### PROVIDED MATERIAL
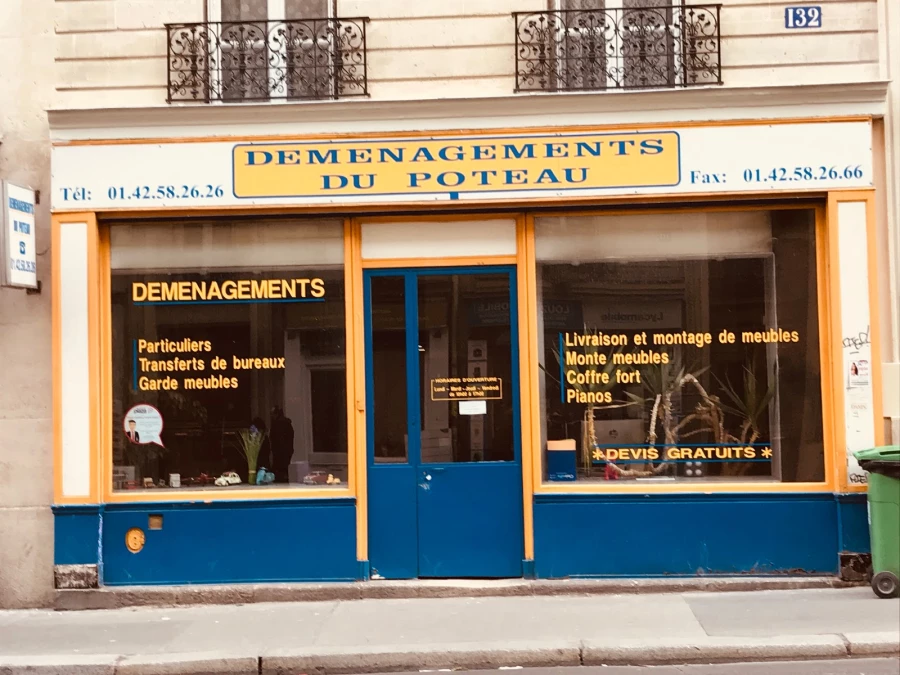 Déménagements Du Poteau_2
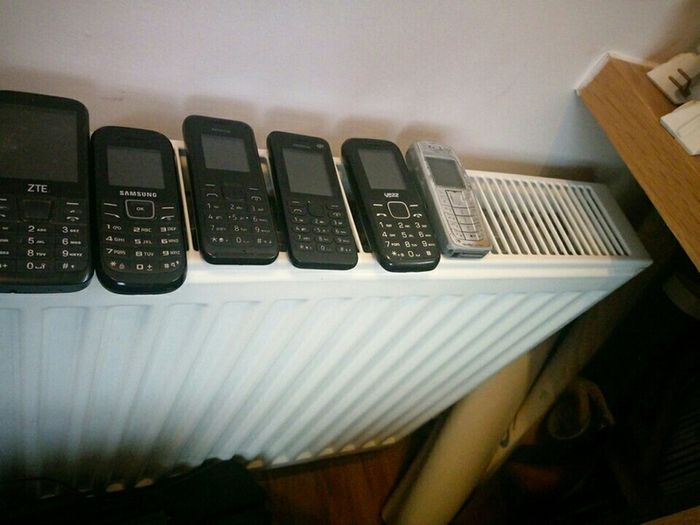Mobile Phones
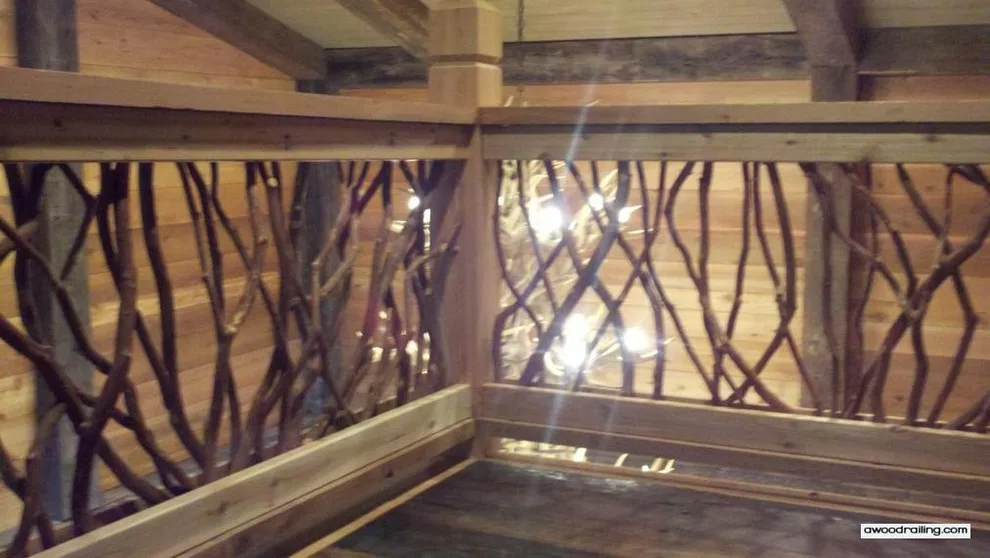 Alabama Mountain Laurel Railings by Mountain Laurel Handrail - Photo 4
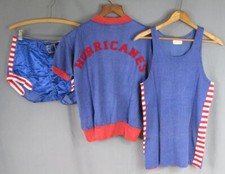 Vintage 1950s Hurricanes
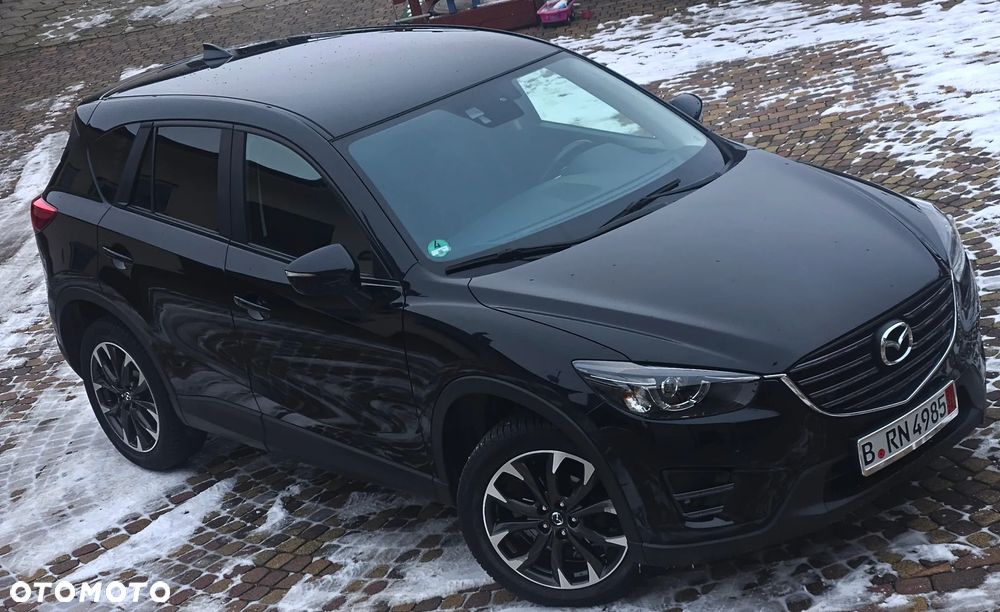 Mazda CX-5 SKYACTIV-G 160 Drive AWD Exclusive-Line - 18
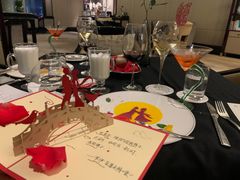 店内布置-Social 秀西餐厅-长沙瑞吉酒店(运达店)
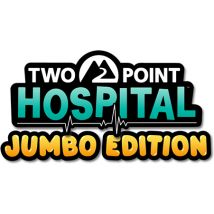 SEGA Two Point Hospital Jumbo Edition Plurilingüe PlayStation 4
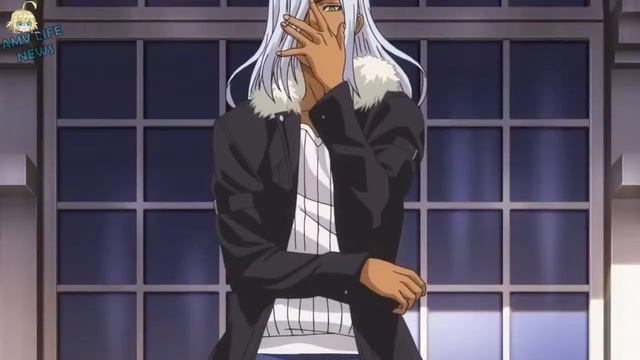 Трейлер аниме Повар боец Сома  Четвёртое блюдо   Shokugeki no Souma  Shin no Sar
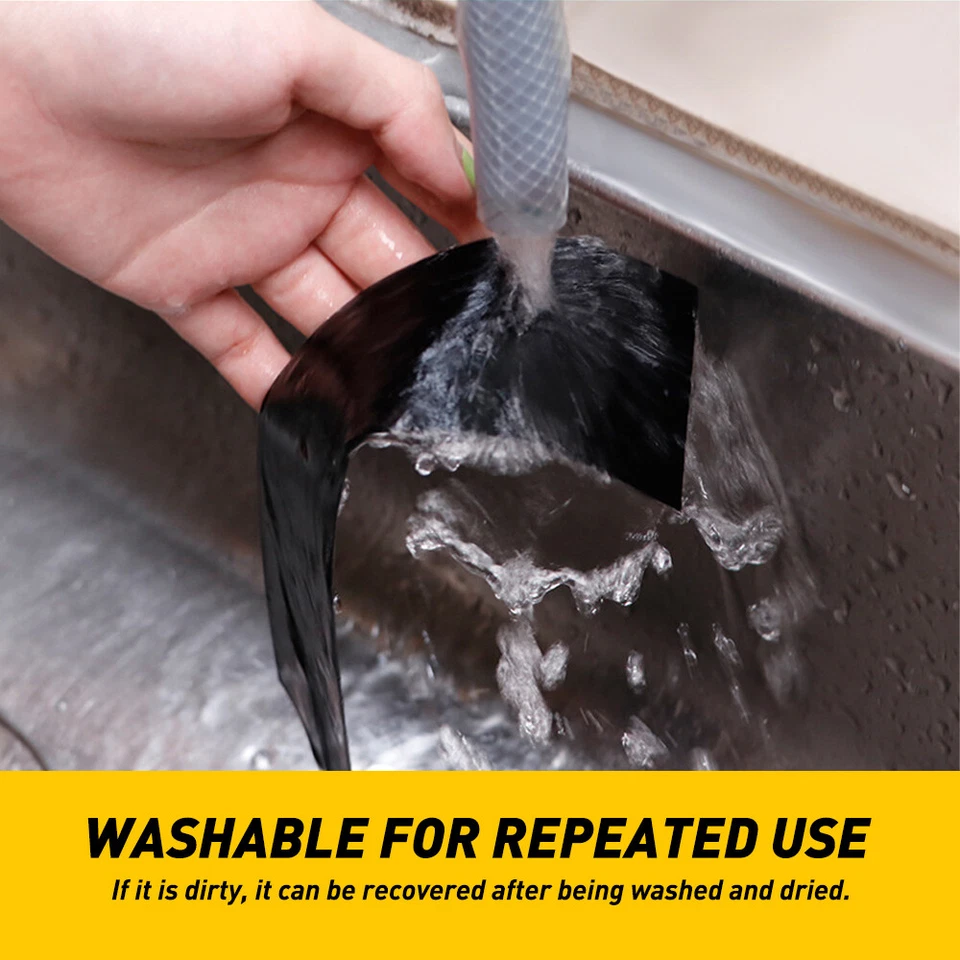 1/2set Auto Protector Sill Scuff Cover Car Door Plate Sticker Bumper Anti Scratc - Image 4 of 4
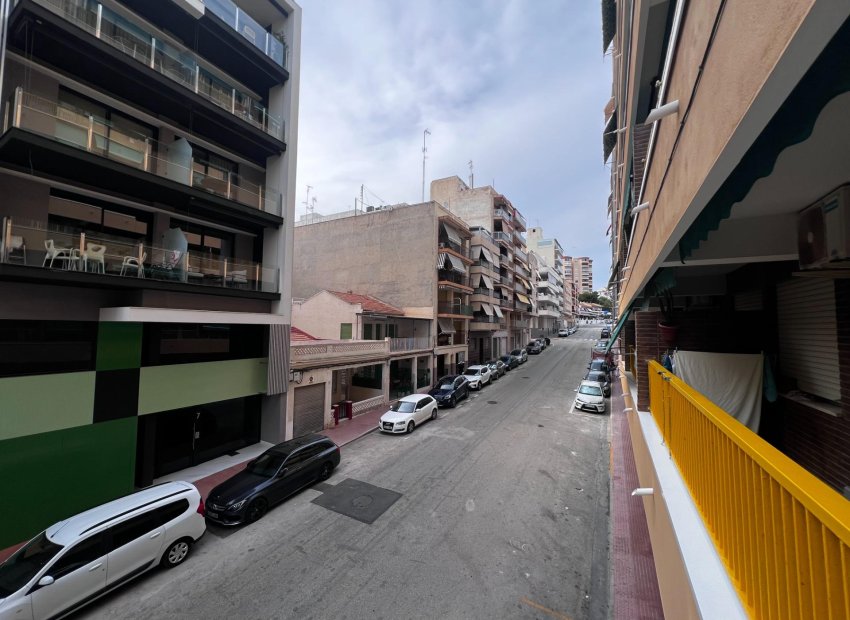 Herverkoop - Piso - Santa Pola - Santiago bernabeu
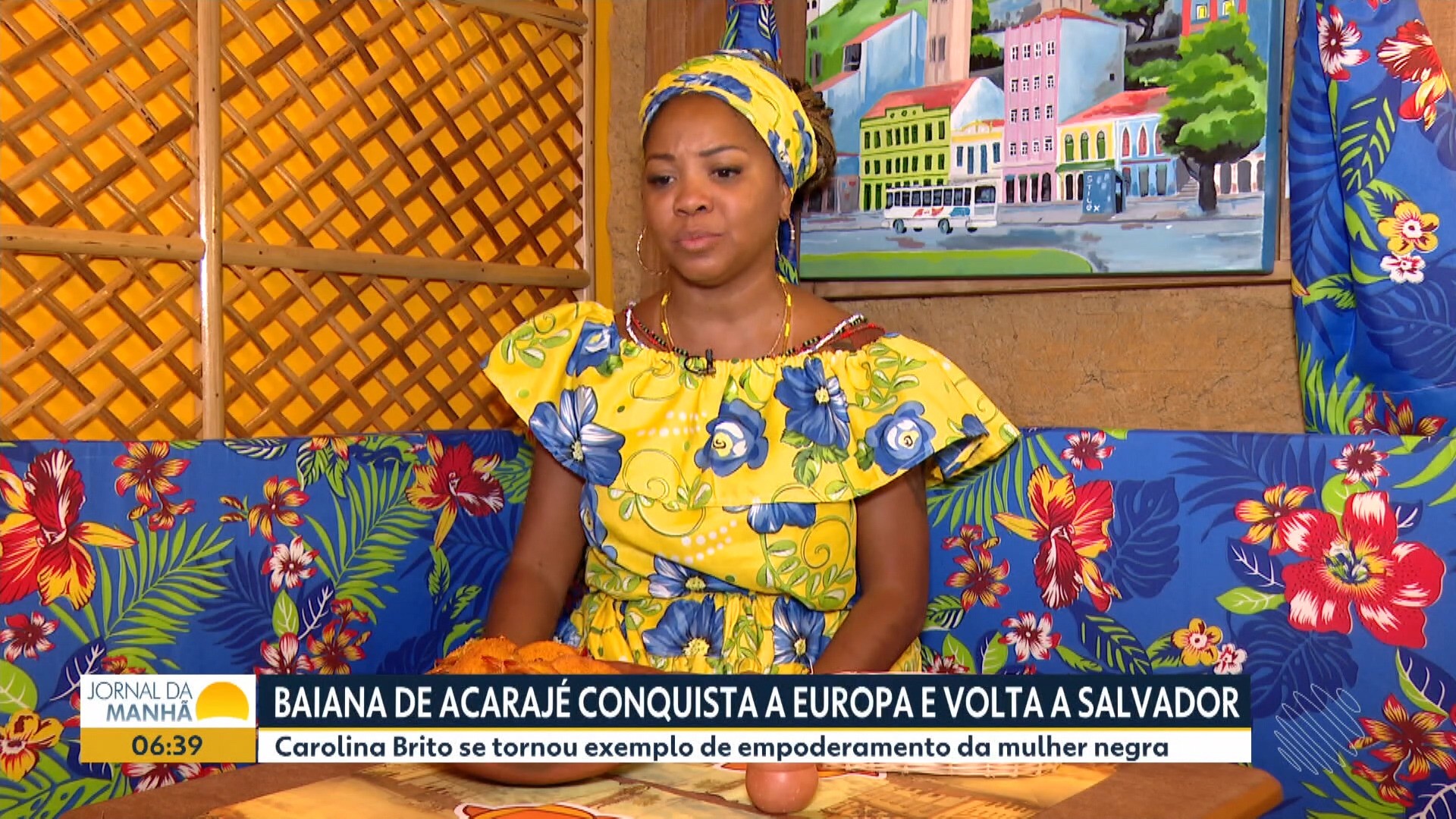 Vídeos do g1 e TV Bahia - sexta-feira, 15 de agosto de 2025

### DIRECTIONS
What is needed is a verbatim copy of the entries, leaving out any pictures.

### THE ANSWER
 Déménagements Du Poteau_2
Mobile Phones
 Alabama Mountain Laurel Railings by Mountain Laurel Handrail - Photo 4
 Vintage 1950s Hurricanes
 Mazda CX-5 SKYACTIV-G 160 Drive AWD Exclusive-Line - 18
 店内布置-Social 秀西餐厅-长沙瑞吉酒店(运达店)
 SEGA Two Point Hospital Jumbo Edition Plurilingüe PlayStation 4
 Трейлер аниме Повар боец Сома  Четвёртое блюдо   Shokugeki no Souma  Shin no Sar
 1/2set Auto Protector Sill Scuff Cover Car Door Plate Sticker Bumper Anti Scratc - Image 4 of 4
 Herverkoop - Piso - Santa Pola - Santiago bernabeu
 Vídeos do g1 e TV Bahia - sexta-feira, 15 de agosto de 2025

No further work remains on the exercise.